## [Recorded data]
⁂

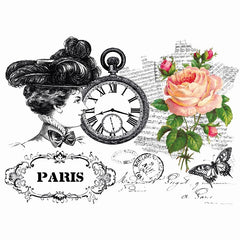 Taschenuhr, Vintage-Uhr, Rose, zum Aufbügeln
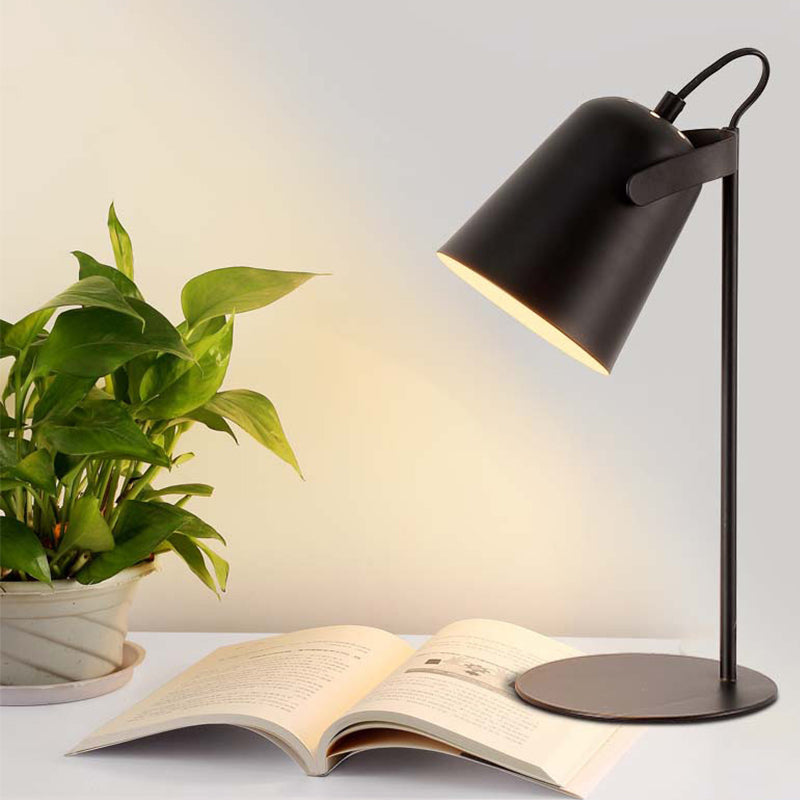 Adjustable Barre Shade Desk Lamp Macaron Style Metallic 1 Light Bedroom Standing Desk Light in Black/Grey Clearhalo 'Lamps' 'Table Lamps' Lighting' 170840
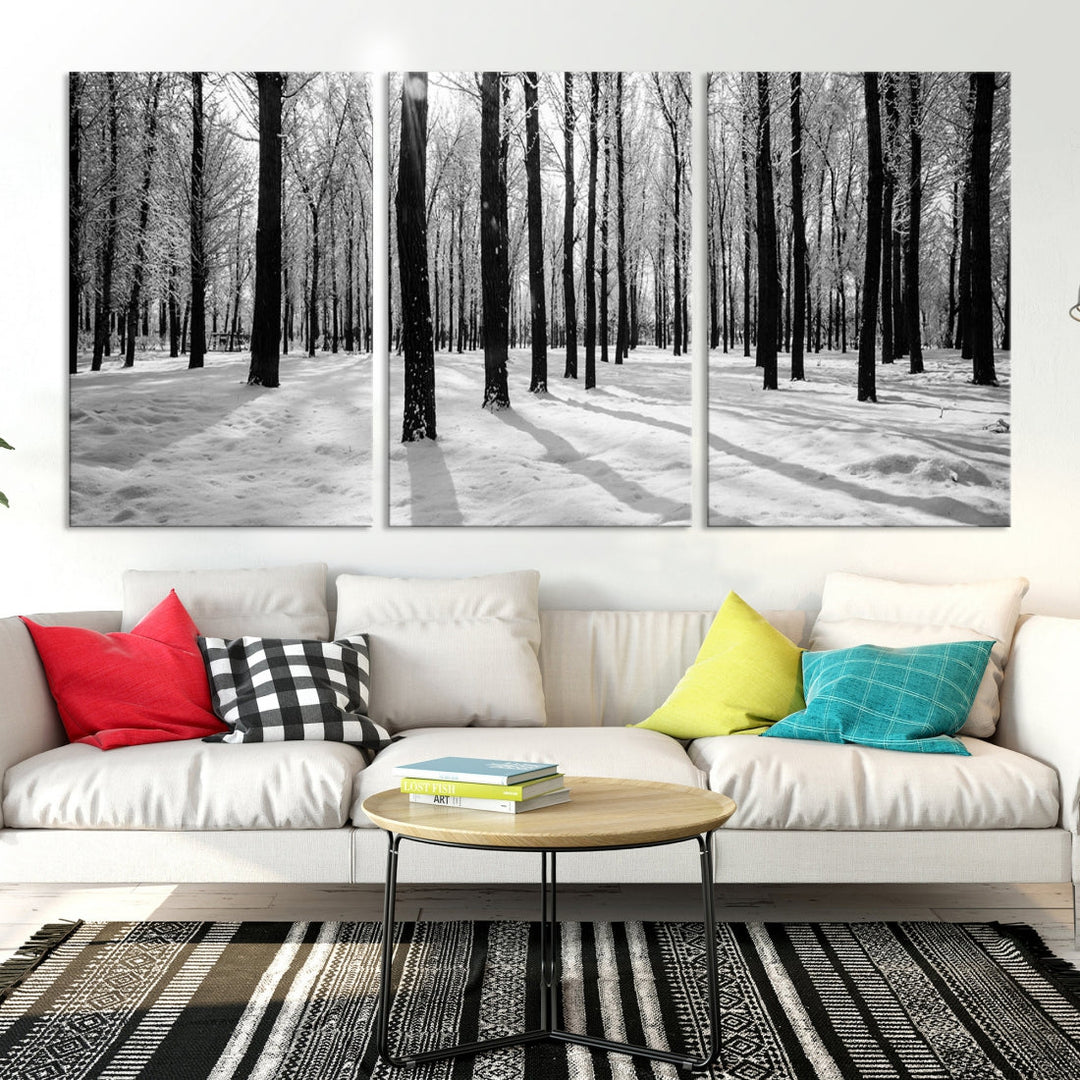 Birch Tree Forest Winter Landscape Large Wall Art Canvas Print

⁂

## [Work order]
Since the pictures are not wanted, repeat only the rest of the material, exactly as given.

## [Response area]
 Taschenuhr, Vintage-Uhr, Rose, zum Aufbügeln
 Adjustable Barre Shade Desk Lamp Macaron Style Metallic 1 Light Bedroom Standing Desk Light in Black/Grey Clearhalo 'Lamps' 'Table Lamps' Lighting' 170840
 Birch Tree Forest Winter Landscape Large Wall Art Canvas Print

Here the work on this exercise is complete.